Scraped caption text data
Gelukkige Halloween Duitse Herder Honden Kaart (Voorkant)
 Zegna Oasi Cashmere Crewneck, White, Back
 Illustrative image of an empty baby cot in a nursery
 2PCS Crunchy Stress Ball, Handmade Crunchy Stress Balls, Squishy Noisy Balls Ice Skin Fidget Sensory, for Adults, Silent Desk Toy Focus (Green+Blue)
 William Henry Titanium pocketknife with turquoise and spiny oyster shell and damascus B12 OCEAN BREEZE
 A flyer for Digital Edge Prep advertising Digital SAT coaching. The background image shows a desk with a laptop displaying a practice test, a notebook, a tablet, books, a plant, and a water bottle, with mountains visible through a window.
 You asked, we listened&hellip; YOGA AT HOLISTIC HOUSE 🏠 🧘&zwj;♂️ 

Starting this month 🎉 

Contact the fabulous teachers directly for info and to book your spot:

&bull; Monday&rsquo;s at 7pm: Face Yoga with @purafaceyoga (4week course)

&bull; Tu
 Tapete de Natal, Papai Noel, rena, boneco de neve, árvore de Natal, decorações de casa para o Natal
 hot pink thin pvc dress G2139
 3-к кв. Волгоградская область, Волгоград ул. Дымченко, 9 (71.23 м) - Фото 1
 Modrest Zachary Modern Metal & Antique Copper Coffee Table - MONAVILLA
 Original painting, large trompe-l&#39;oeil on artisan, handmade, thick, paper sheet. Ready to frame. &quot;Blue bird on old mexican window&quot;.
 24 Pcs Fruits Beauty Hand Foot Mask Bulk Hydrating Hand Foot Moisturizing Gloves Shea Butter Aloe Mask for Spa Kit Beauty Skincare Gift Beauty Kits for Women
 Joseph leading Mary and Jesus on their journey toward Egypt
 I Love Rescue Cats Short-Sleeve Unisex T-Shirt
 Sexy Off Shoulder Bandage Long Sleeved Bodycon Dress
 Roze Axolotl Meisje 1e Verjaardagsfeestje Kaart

## EXERCISE INSTRUCTIONS
Give back exactly the lines above starting at the line where "William Henry Titanium" appears and ending at the line where "hot pink thin pvc dress G2139" appears, both included, with no other lines.

## RESPONSE TO THE EXERCISE
 William Henry Titanium pocketknife with turquoise and spiny oyster shell and damascus B12 OCEAN BREEZE
 A flyer for Digital Edge Prep advertising Digital SAT coaching. The background image shows a desk with a laptop displaying a practice test, a notebook, a tablet, books, a plant, and a water bottle, with mountains visible through a window.
 You asked, we listened&hellip; YOGA AT HOLISTIC HOUSE 🏠 🧘&zwj;♂️ 

Starting this month 🎉 

Contact the fabulous teachers directly for info and to book your spot:

&bull; Monday&rsquo;s at 7pm: Face Yoga with @purafaceyoga (4week course)

&bull; Tu
 Tapete de Natal, Papai Noel, rena, boneco de neve, árvore de Natal, decorações de casa para o Natal
 hot pink thin pvc dress G2139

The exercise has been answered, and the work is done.